With the previous agreement for the Maple easement, the developer would be be coming in from the north, not through Evanston, Rooney said.
“If either of these easements take place, it’s going to be bad for the course,” he predicted. “And with the second one, the one he’s asking for tonight, coming in from the south (off Isabella) is worse than the first,” he told council members.
‘A unique haven for birds and wildlife’: Revelle
During discussion of the issue, City Council Member Eleanor Revelle, in whose 7th Ward that portion of the golf course is located, echoed Rooney’s comments.
“This may sound familiar,” she said to council members of the proposal, “because this is the third time that a roadway across MWRD property has been proposed.”
She said as a part of the first, in 2017, a roadway was requested that would cross Isabella Woods, an area of undisturbed forest “with 55 mostly mature trees, a local haven for wildlife which diverts thousands of gallons of stormwater from the city’s combined sewer system.”
That one was denied by the MWRD. Then came the 2018 request, concerning Maple.
“And now we’re considering a third roadway in this ecologically important area,” she said. “And it’s important to say a word about the Keefe property itself. It’s not just an empty parcel of land. Like Isabella Woods, the Keefe property contains remnant forest of swamp-like oak trees that provide a unique haven for birds and other wildlife. It’s also a seasonally inundated wetland that provides valuable ecological benefits, including storage for stormwater and (as a) habitat for a variety of wildlife.”
‘Far less negative effect’ than car parking on course: Keefe
The resolution approved by the City Council called Canal Shores, a community golf course that runs through Evanston and Wilmette, as a popular place with a wide variety of uses other than golf – including walking, birdwatching, running and cross-country skiing.
A roadway off Isabella in Evanston “would pose significant safety hazards to pedestrians and cyclists” traveling along that street, the resolution says.
Further, “the roadway would have a detrimental effect on the design of the golf course – and specifically the area available for the 10th hole – which includes a delineated wetland and several delineated wetland and several giant oak trees.”
But Keefe, in his remarks, told Evanston City Council members that the easement approach as designed will not require the removal of trees, shrubs or other plantings.
The course at Isabella already contains a curb cut, and that entrance is used for maintenance machinery.
“The visible approach will traverse already engineered land and will not disturb pristine or heritage grown in that area,” he said.
“Canal Shores is certainly a valuable community partner in the city of Evanston and a great steward of the open space property enjoyed by many people over the years,” he said, echoing language in the resolution.
But Canal Shores “is also a private business,” he said. “It’s a nonprofit with its own goals and missions operating on public property.”
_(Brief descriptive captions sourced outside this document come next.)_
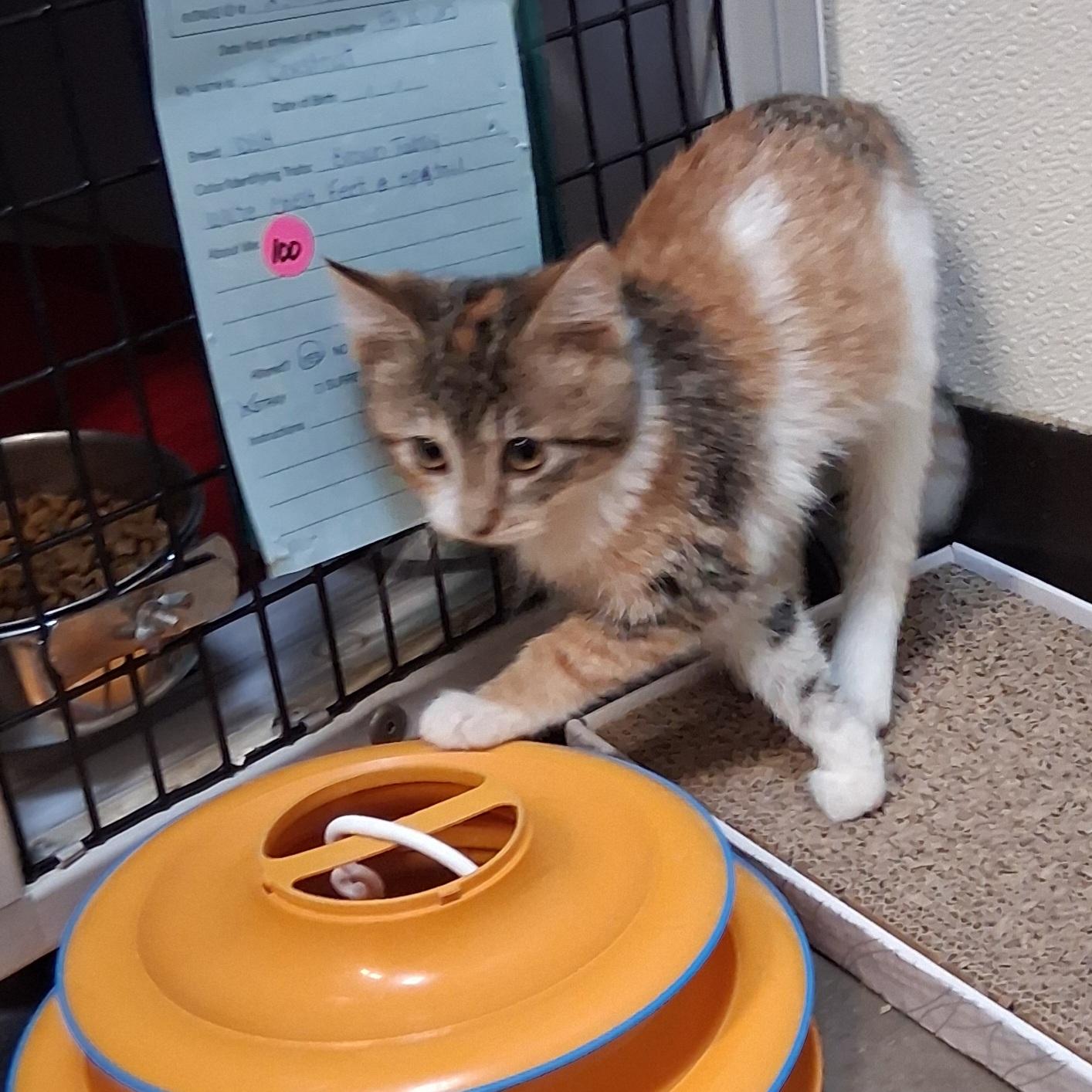 Enlarge Serenity, a ADOPTABLE Domestic Short Hair in Fairmont, MN image 6/6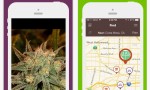 Leafly ist eines der ersten Cannabis-Startups (Screenshot: Leafly-App)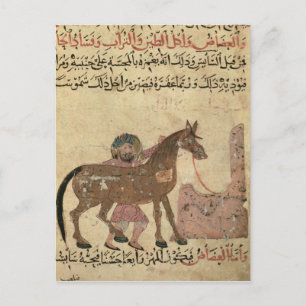 für Pferde gekümmert, Abbildung Postkarte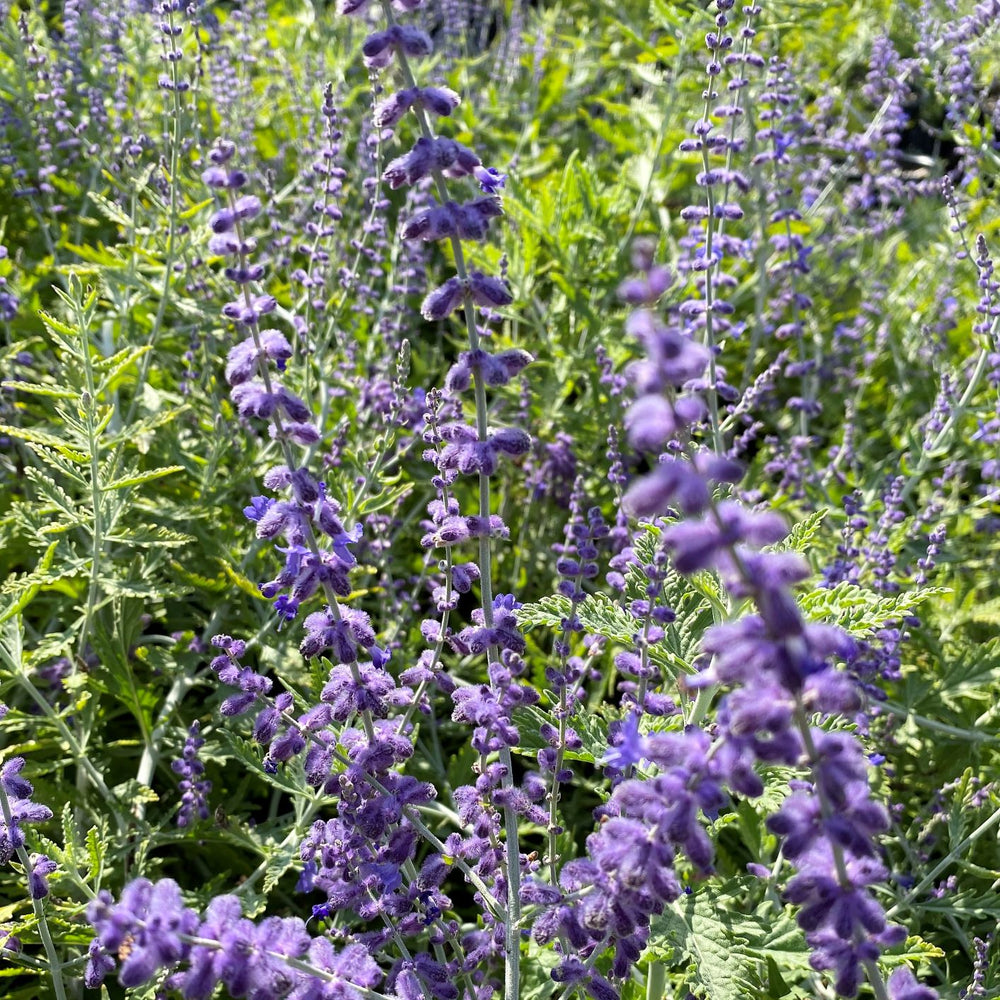 Perovskia atriplicifolia 1G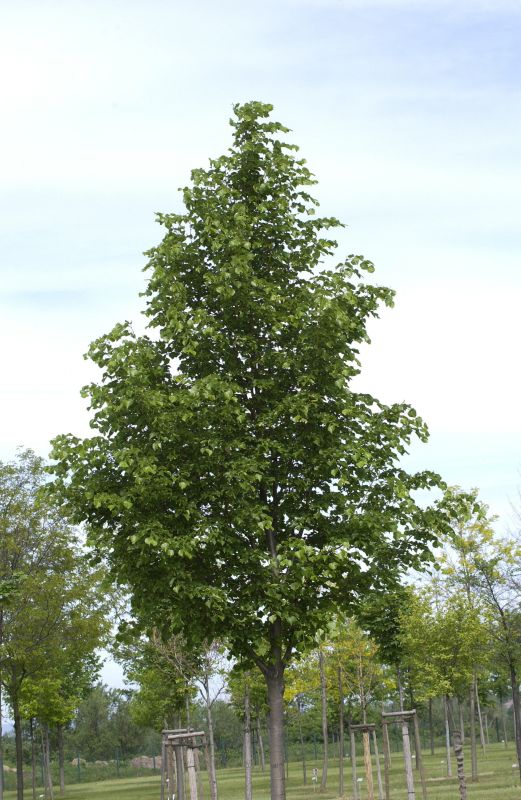 Winterlinde 'Rancho' - Tilia cordata 'Rancho'
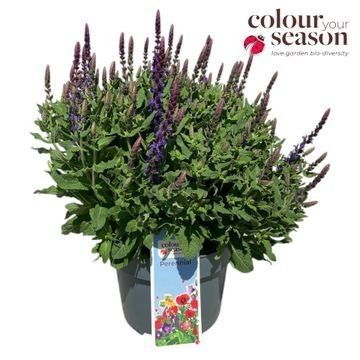 Salvia x sylvestris 'Rose Marvel'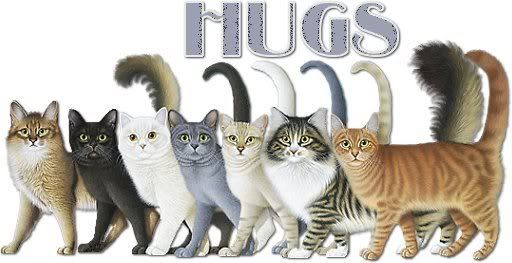 hugswsevencats.jpg 7 cats hugs image by kittybud420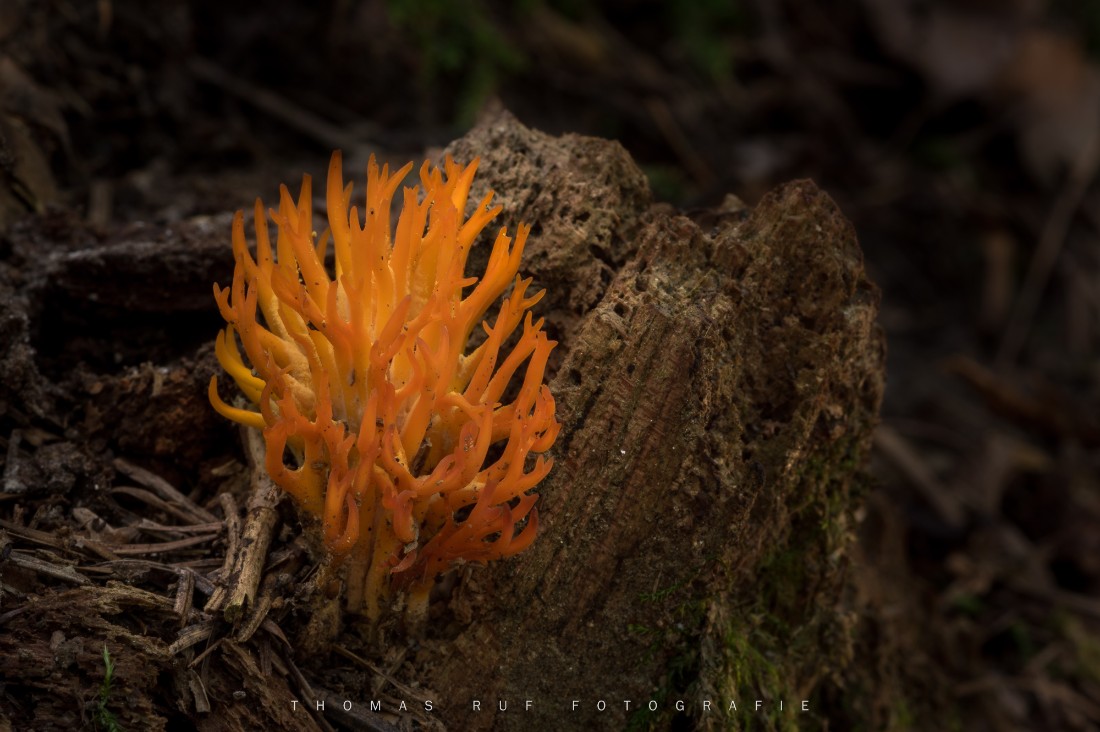 Calocera viscosa | Klebriger Hörnling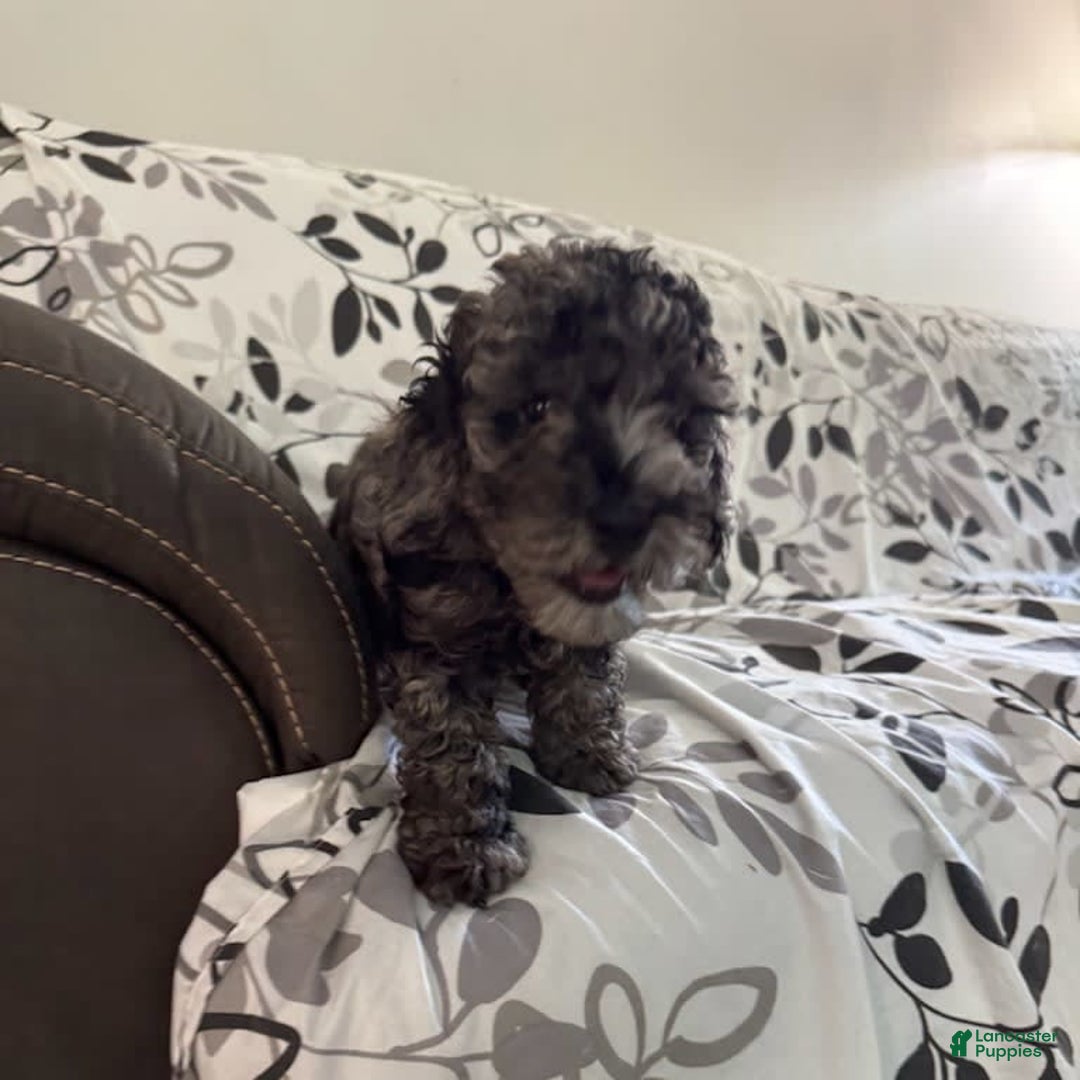 Toy Poodle dogs for sale: Lucas - Image 3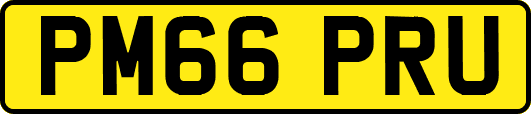 PM66PRU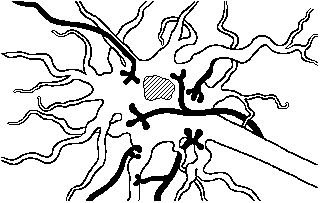 neuron image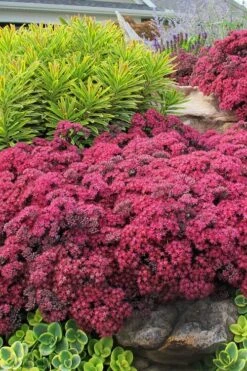 Dazzleberry Sedum - 5 Pack Of 4" Pint Pots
He said that during the golf course’s normal operations, “Canal Shores parks thousands of cars each year on unpaved property. It would seem unusual for Evanston to permit this use of dozens of acres of open space while opposing a far less negative effect on existing green space.”
As for the safety concerns the easement might pose, Isabella along Canal Shores is currently bisected by five streets, and 17 roads run parallel to the golf course, he said.
The proposed roadway would be identical in use to those streets, he said. Further, the roadway would adhere to the water reclamation district’s stormwater management ordinance, he said, answering another concern included in the resolution, and make use of the drainage systems the district already has in place.